##### Data to use

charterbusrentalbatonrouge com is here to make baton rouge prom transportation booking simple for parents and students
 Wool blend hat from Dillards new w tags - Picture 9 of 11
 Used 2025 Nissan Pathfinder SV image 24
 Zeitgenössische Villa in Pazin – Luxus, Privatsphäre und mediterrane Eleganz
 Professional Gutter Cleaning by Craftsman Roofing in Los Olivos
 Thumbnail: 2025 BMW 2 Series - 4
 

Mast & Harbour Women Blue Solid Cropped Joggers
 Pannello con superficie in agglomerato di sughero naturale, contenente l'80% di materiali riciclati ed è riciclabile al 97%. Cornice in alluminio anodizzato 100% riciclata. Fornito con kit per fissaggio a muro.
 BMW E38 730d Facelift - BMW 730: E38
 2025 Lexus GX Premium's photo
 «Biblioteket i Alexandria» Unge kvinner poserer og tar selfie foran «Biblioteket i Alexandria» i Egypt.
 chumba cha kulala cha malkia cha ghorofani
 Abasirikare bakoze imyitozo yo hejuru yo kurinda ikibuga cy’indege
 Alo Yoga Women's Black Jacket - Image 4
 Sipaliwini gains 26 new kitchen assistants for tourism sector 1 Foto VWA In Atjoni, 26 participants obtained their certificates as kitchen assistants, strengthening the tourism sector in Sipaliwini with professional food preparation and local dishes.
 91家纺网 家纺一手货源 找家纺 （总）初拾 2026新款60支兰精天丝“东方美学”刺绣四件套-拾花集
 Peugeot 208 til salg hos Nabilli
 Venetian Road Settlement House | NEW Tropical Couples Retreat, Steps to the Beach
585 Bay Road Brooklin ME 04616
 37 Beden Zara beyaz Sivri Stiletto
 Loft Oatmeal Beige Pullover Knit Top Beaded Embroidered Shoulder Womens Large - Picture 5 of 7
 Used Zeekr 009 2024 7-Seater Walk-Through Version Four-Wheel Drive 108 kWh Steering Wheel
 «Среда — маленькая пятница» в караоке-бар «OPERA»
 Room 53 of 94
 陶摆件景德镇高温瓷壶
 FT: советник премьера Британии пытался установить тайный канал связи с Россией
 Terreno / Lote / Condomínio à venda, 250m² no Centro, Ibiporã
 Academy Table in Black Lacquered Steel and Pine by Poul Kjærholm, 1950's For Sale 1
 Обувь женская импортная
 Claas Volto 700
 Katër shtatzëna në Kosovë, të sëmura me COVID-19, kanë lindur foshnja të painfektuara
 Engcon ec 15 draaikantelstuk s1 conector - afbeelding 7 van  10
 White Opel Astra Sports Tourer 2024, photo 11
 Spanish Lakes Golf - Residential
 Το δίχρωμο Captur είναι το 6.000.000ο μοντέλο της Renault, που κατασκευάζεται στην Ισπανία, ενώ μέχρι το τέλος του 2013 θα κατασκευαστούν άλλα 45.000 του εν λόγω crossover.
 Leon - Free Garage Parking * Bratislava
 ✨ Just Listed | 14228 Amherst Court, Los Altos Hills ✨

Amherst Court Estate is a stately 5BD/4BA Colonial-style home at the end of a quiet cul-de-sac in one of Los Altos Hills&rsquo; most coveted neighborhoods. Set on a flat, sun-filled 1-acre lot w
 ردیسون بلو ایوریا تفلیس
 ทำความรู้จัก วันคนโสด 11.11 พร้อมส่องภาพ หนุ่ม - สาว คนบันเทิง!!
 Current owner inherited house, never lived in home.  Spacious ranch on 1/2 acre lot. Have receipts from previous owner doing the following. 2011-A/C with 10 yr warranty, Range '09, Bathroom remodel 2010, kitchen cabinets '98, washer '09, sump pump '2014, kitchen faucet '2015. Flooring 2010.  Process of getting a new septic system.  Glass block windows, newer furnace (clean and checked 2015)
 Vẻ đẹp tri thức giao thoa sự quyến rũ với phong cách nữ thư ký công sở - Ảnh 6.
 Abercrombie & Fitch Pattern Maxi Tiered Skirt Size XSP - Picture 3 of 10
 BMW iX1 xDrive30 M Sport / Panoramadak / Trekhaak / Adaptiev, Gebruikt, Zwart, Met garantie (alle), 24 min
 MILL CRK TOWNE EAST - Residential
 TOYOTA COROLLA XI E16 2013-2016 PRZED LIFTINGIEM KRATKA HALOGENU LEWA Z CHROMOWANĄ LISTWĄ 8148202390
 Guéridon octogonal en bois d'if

##########

Find the line with "Thumbnail: 2025 BMW 2 Series - 4" in the entries above. Retype it and each line after it, exactly, through the line with "91家纺网 家纺一手货源 找家纺", and stop there.

#### [Answer]
 Thumbnail: 2025 BMW 2 Series - 4
 

Mast & Harbour Women Blue Solid Cropped Joggers
 Pannello con superficie in agglomerato di sughero naturale, contenente l'80% di materiali riciclati ed è riciclabile al 97%. Cornice in alluminio anodizzato 100% riciclata. Fornito con kit per fissaggio a muro.
 BMW E38 730d Facelift - BMW 730: E38
 2025 Lexus GX Premium's photo
 «Biblioteket i Alexandria» Unge kvinner poserer og tar selfie foran «Biblioteket i Alexandria» i Egypt.
 chumba cha kulala cha malkia cha ghorofani
 Abasirikare bakoze imyitozo yo hejuru yo kurinda ikibuga cy’indege
 Alo Yoga Women's Black Jacket - Image 4
 Sipaliwini gains 26 new kitchen assistants for tourism sector 1 Foto VWA In Atjoni, 26 participants obtained their certificates as kitchen assistants, strengthening the tourism sector in Sipaliwini with professional food preparation and local dishes.
 91家纺网 家纺一手货源 找家纺 （总）初拾 2026新款60支兰精天丝“东方美学”刺绣四件套-拾花集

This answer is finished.